━━ INFORMATION SHOWN
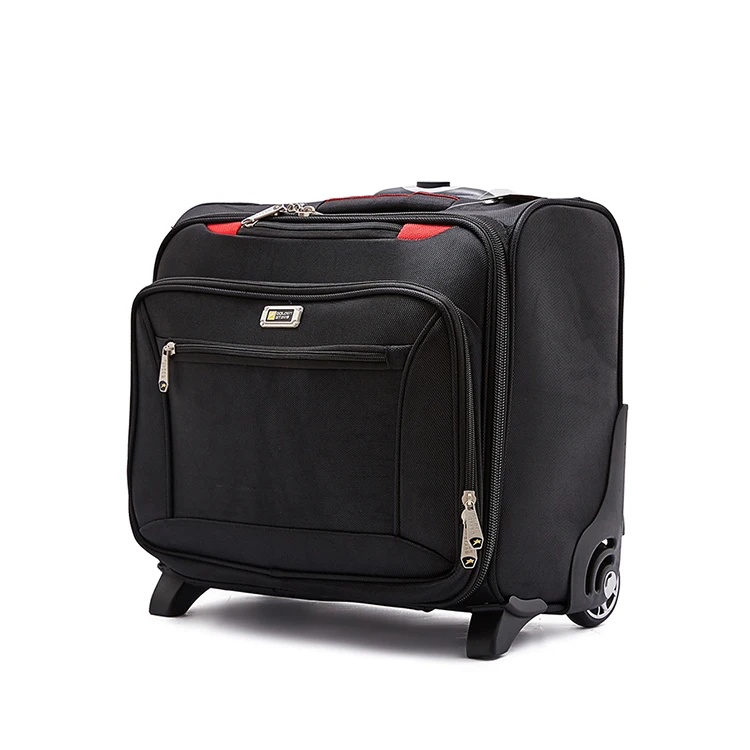 1680D Polyester Laptop Trolley luggage, suitcase with 2 stand feet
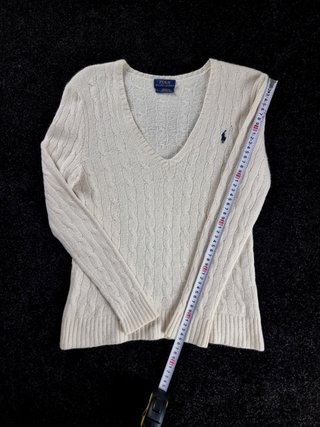 Sweater Cable Knit Polo Ralph Lauren Women's S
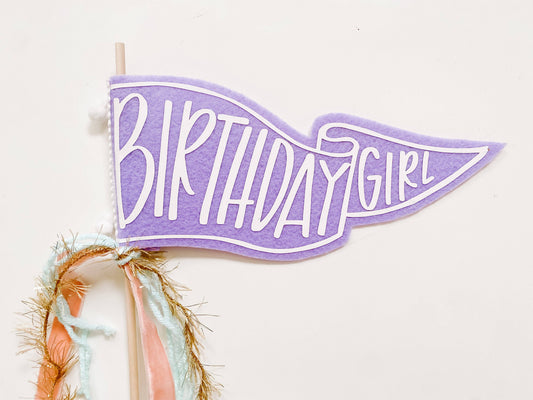Birthday Felt Flag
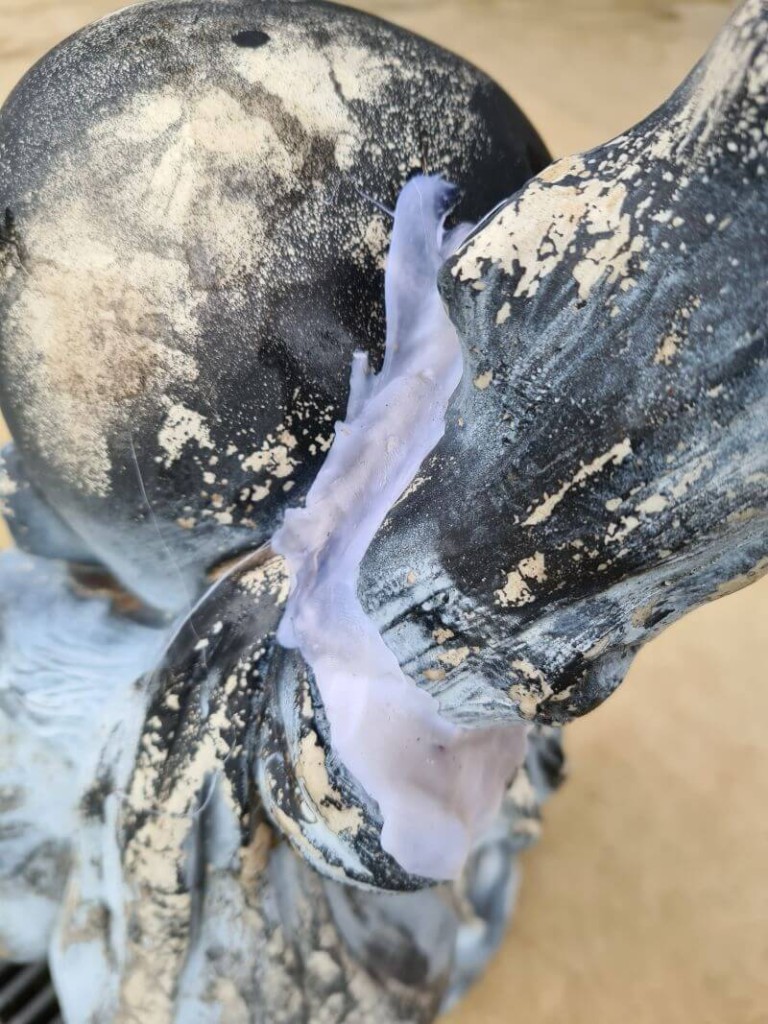 How to use polymorph to repair resin statue. 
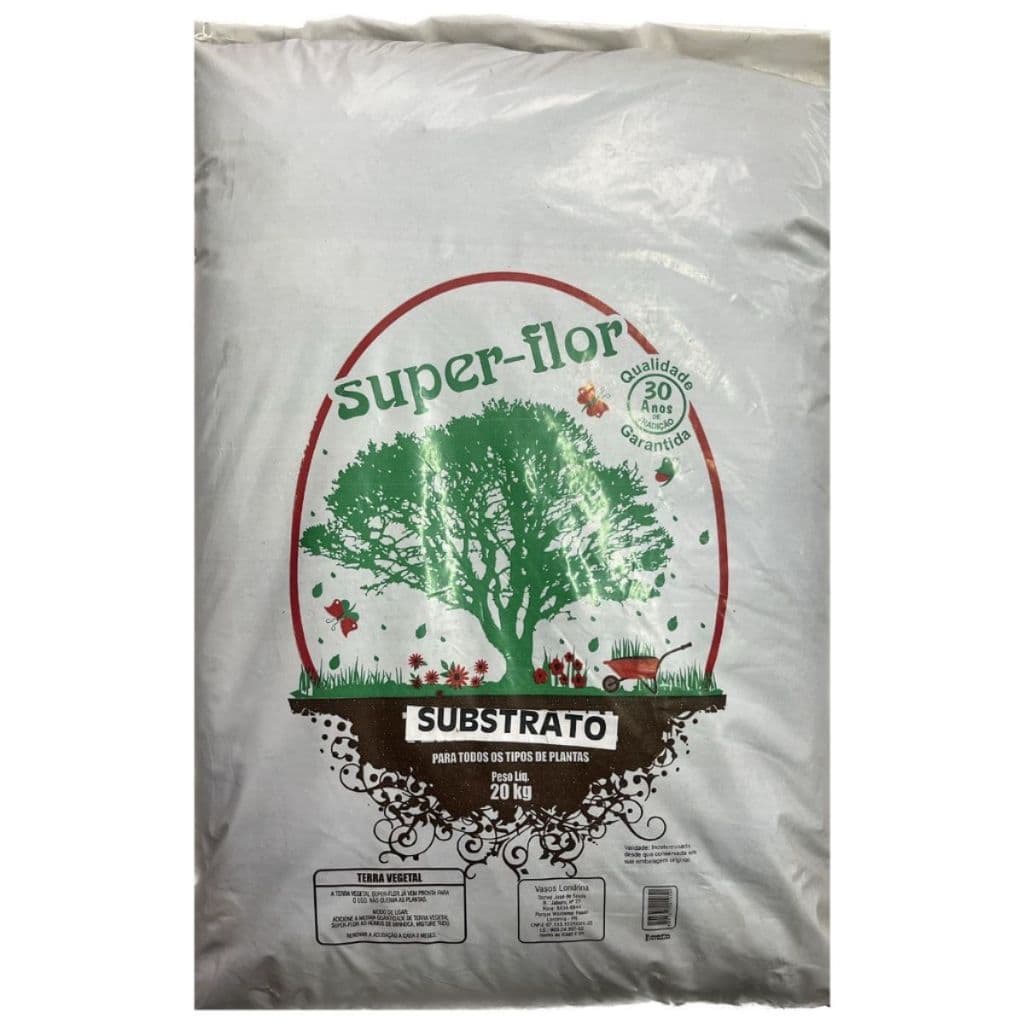 Substrato para Todos os tipos de Plantas Super-Flor 20KG (MÁX 30KG POR COMPRA)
━━━━
DESCRIPTION OF THE TASK
Return all records verbatim and drop the pictures.

PROBLEM SOLUTION
 1680D Polyester Laptop Trolley luggage, suitcase with 2 stand feet
 Sweater Cable Knit Polo Ralph Lauren Women's S
Birthday Felt Flag
 How to use polymorph to repair resin statue. 
 Substrato para Todos os tipos de Plantas Super-Flor 20KG (MÁX 30KG POR COMPRA)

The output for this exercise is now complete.